AVAILABLE DATA Start Marker

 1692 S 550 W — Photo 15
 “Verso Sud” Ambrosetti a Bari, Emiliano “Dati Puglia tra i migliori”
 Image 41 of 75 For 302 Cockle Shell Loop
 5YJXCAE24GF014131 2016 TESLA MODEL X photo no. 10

AVAILABLE DATA End Marker
AVAILABLE DATA Start Marker

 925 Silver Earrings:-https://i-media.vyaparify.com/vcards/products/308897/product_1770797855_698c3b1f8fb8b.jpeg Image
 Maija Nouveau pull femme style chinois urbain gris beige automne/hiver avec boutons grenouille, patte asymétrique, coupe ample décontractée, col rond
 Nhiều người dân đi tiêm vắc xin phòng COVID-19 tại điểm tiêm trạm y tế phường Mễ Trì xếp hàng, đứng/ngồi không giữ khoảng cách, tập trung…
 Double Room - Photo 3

AVAILABLE DATA End Marker
AVAILABLE DATA Start Marker

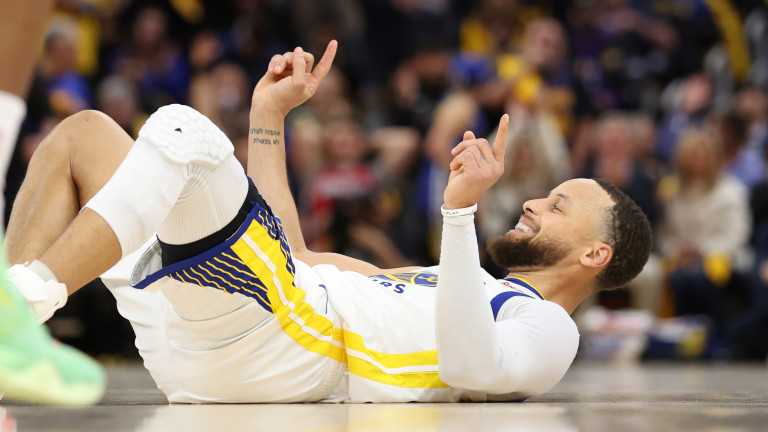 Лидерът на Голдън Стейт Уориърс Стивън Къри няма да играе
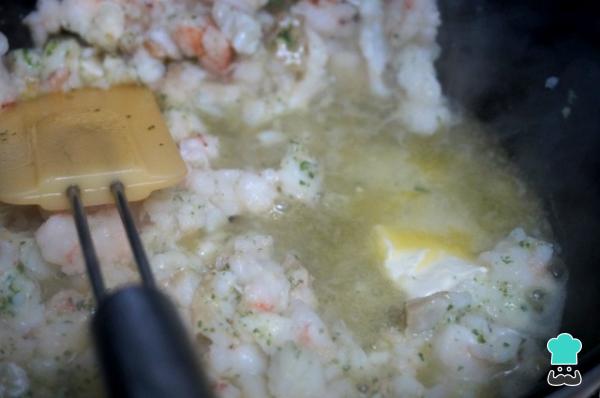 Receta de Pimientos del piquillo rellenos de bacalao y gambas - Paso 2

AVAILABLE DATA End Marker

» **WHAT YOU SHOULD DO**:
Only the lines above starting at the one containing "Nhiều người dân" and ending at the one containing "Double Room - Photo 3", both included, are to be returned, exactly as they read.

» **EXERCISE ANSWER**:
 Nhiều người dân đi tiêm vắc xin phòng COVID-19 tại điểm tiêm trạm y tế phường Mễ Trì xếp hàng, đứng/ngồi không giữ khoảng cách, tập trung…
 Double Room - Photo 3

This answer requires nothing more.